TASK TO COMPLETE - Retype exactly the lines from the line with "Attractive Asian Girl" to the end of the data, keeping both boundary lines.

Stored items from a collection -
▶

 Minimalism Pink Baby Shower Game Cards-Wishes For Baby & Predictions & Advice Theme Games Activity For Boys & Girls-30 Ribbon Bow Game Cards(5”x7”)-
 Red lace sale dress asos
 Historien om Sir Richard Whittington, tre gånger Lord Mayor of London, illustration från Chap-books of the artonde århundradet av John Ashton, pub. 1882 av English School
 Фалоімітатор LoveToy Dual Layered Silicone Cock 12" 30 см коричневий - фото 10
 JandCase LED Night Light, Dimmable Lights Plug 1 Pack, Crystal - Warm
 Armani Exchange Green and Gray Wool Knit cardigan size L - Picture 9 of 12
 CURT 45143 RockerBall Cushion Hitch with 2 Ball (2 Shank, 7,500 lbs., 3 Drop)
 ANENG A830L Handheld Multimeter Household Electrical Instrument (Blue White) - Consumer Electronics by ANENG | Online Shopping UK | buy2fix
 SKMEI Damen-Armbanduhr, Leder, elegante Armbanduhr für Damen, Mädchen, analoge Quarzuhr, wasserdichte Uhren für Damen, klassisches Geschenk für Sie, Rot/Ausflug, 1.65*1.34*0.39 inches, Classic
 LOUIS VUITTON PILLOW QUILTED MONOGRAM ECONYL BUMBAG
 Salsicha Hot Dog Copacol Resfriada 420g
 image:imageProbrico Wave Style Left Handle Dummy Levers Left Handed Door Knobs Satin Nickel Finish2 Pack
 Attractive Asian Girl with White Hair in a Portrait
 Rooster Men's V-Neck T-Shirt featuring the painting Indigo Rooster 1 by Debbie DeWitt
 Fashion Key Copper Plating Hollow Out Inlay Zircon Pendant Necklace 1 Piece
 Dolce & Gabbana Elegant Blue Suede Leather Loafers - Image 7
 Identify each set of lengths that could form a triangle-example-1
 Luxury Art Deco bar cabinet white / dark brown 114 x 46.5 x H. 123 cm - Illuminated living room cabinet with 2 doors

◀

TASK RESULT -
 Attractive Asian Girl with White Hair in a Portrait
 Rooster Men's V-Neck T-Shirt featuring the painting Indigo Rooster 1 by Debbie DeWitt
 Fashion Key Copper Plating Hollow Out Inlay Zircon Pendant Necklace 1 Piece
 Dolce & Gabbana Elegant Blue Suede Leather Loafers - Image 7
 Identify each set of lengths that could form a triangle-example-1
 Luxury Art Deco bar cabinet white / dark brown 114 x 46.5 x H. 123 cm - Illuminated living room cabinet with 2 doors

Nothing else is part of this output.